Each computer processing system can include, for example, one or more computing devices having user inputs such as a keyboard 318 and mouse 320 and/or various other types of input devices such as pen-inputs, joysticks, buttons, touch screens, etc., as well as a display 322, which could include, for instance, a CRT, LCD, plasma screen monitor, TV, projector, etc. Each computer 302, 304, 206 and 308 may be a personal computer, server, etc. By way of example only, computer 302 may be a server, computers 304 and 306 may be personal computers and computer 308 may be a laptop. As shown in FIG. 3B, such devices (as well as mobile phone 310 and PDA 312) desirably contain a processor 324, memory 326 and other components typically present in a computer.
Memory 326 stores information accessible by processor 324, including instructions 328 that may be executed by the processor 324 and data 330 that may be retrieved, manipulated or stored by the processor. The memory may be of any type capable of storing information accessible by the processor, such as a hard-drive, ROM, RAM, CD-ROM, Blu-Ray™ disc, flash memories, write-capable or read-only memories. The processor 324 may comprise any number of well known processors, such as processors from Intel Corporation or Advanced Micro Devices. Alternatively, the processor may be a dedicated controller for executing operations, such as an ASIC.
The instructions 328 may comprise any set of instructions to be executed directly (such as machine code) or indirectly (such as scripts) by the processor. In that regard, the terms “instructions,” “steps” and “programs” may be used interchangeably herein. The instructions may be stored in any computer language or format, such as in object code or modules of source code. The functions, methods and routines of instructions in accordance with the present invention are explained in more detail below.
Data 330 may be retrieved, stored or modified by processor 324 in accordance with the instructions 328. The data may be stored as a collection of data. For instance, although the invention is not limited by any particular data structure, the data may be stored in computer registers, in a relational database as a table having a plurality of different fields and records, XML documents, or flat files. As will be explained in more detail below, certain image-related data may be stored in flat files such as keyhole flat files (“KFF”). Alternatively, image data may be stored as JPEG image files. In this case, metadata may be stored in binary form in a disk-based database.
The data may also be formatted in any computer readable format. Similarly, the data may include images stored in a variety of formats such as vector-based images or bitmap images using lossless (e.g., BMP) or lossy (e.g., JPEG) encoding. Moreover, the data may include any information sufficient to identify the relevant information, such as descriptive text, proprietary codes, pointers, references to data stored in other memories (including other network locations) or information which is used by a function to calculate the relevant data.
Although the processor 324 and memory 326 are functionally illustrated in FIG. 3B as being within the same block, it will be understood that the processor and memory may actually comprise multiple processors and memories that may or may not be stored within the same physical housing or location. For example, some or all of the instructions and data may be stored on a removable CD-ROM and others within a read-only computer chip. Some or all of the instructions and data may be stored in a location physically remote from, yet still accessible by, the processor. Similarly, the processor may actually comprise a collection of processors which may or may not operate in parallel. Data may be distributed and stored across multiple memories 326 such as hard drives or the like.

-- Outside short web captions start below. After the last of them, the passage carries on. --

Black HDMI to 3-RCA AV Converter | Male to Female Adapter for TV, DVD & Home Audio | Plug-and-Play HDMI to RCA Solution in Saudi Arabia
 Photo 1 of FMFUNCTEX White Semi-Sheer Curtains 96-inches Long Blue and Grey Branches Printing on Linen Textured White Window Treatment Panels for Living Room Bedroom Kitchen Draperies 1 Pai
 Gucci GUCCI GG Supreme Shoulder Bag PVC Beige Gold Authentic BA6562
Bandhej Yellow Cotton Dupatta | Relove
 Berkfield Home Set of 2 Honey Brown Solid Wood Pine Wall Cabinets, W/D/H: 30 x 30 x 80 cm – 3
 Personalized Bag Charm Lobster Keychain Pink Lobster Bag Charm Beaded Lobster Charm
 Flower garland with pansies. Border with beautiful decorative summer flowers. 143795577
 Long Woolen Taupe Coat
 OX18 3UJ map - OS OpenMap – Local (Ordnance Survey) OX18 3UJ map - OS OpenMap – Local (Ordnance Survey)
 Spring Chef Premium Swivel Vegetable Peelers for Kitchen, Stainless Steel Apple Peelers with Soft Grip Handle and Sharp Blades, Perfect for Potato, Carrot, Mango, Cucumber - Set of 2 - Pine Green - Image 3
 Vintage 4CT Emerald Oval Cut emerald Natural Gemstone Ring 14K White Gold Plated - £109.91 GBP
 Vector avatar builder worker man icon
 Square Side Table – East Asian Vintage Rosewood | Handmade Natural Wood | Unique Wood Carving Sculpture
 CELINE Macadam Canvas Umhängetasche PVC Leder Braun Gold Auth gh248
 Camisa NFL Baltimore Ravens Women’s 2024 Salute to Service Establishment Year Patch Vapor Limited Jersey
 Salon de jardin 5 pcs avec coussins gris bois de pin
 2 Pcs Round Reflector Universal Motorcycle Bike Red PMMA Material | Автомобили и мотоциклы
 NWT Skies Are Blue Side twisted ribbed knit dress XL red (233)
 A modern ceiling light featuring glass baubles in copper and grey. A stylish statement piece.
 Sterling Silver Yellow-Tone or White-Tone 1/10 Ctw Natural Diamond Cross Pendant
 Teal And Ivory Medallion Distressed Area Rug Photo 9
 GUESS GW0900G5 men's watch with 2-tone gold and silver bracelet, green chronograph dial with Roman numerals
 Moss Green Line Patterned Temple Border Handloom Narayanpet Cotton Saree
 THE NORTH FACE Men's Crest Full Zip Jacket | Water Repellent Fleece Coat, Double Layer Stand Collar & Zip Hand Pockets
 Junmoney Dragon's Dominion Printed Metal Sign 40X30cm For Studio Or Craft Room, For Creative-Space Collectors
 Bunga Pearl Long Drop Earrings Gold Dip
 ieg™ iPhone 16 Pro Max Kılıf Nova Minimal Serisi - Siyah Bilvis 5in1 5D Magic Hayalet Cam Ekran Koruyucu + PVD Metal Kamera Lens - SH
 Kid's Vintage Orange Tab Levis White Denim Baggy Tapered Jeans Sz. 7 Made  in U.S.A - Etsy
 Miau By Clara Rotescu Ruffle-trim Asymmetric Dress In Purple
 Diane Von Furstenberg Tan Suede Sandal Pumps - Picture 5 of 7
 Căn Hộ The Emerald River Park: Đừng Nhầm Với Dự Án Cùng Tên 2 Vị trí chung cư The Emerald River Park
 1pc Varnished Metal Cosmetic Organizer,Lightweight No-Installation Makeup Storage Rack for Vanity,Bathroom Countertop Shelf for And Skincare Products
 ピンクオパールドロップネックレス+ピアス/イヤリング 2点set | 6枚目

In one aspect, server 302 communicates with one or more client computers 304, 306 and/or 308, as well as devices such as mobile phone 310 and PDA 312. Each client computer or other client device may be configured similarly to the server 302, with a processor, memory and instructions, as well as one or more user input devices 318, 320 and a user output device, such as display 322. Each client computer may be a general purpose computer, intended for use by a person, having all the components normally found in a personal computer such as a central processing unit (“CPU”), display, CD-ROM, DVD or Blu-Ray drive, hard-drive, mouse, keyboard, touch-sensitive screen, speakers, microphone, modem and/or router (telephone, cable or otherwise) and all of the components used for connecting these elements to one another. Moreover, each client device may include a user interface/application module 332 that receives input from the input devices and provides an output via the display 322 or other means, such as by a sound device such as a speaker or transducer.
The server 302 and client computers and other devices are capable of direct and indirect communication with other computers, such as over network 316. Although only a few computing devices are depicted in FIGS. 3A and 3B, it should be appreciated that a typical system can include a large number of connected servers and clients, with each different computer being at a different node of the network. The network 316, and intervening nodes, may comprise various configurations and protocols including the Internet, intranets, virtual private networks, wide area networks, local networks, private networks using communication protocols proprietary to one or more companies, Ethernet, WiFi, Bluetooth and HTTP.
Communication across the network, including any intervening nodes, may be facilitated by any device capable of transmitting data to and from other computers, such as modems (e.g., dial-up or cable), network interfaces and wireless interfaces. Server 302 may be a web server. Although certain advantages are obtained when information is transmitted or received as noted above, other aspects of the invention are not limited to any particular manner of transmission of information. For example, in some aspects, the information (e.g., a program or imagery) may be sent via a computer-readable recording medium such as a disk, tape, CD-ROM, DVD, flash memory, etc., or directly between two computer systems via a dial-up modem. In other aspects, the information may be transmitted in a non-electronic format and manually entered into the system.
Moreover, computers and client devices in accordance with the systems and methods described herein may comprise any device capable of processing instructions and transmitting data to and from humans and other computers, including network computers lacking local storage capability, PDA's with modems such as PDA 312 and Internet-capable wireless phones such as mobile phone 310. Devices configured with wireless connectivity may include at least one antenna and a transmit and receive chain (transceiver). The specific configuration may depend upon the type of wireless connectivity, e.g., cellular, PCS, Bluetooth, 802.11 wireless LAN, etc.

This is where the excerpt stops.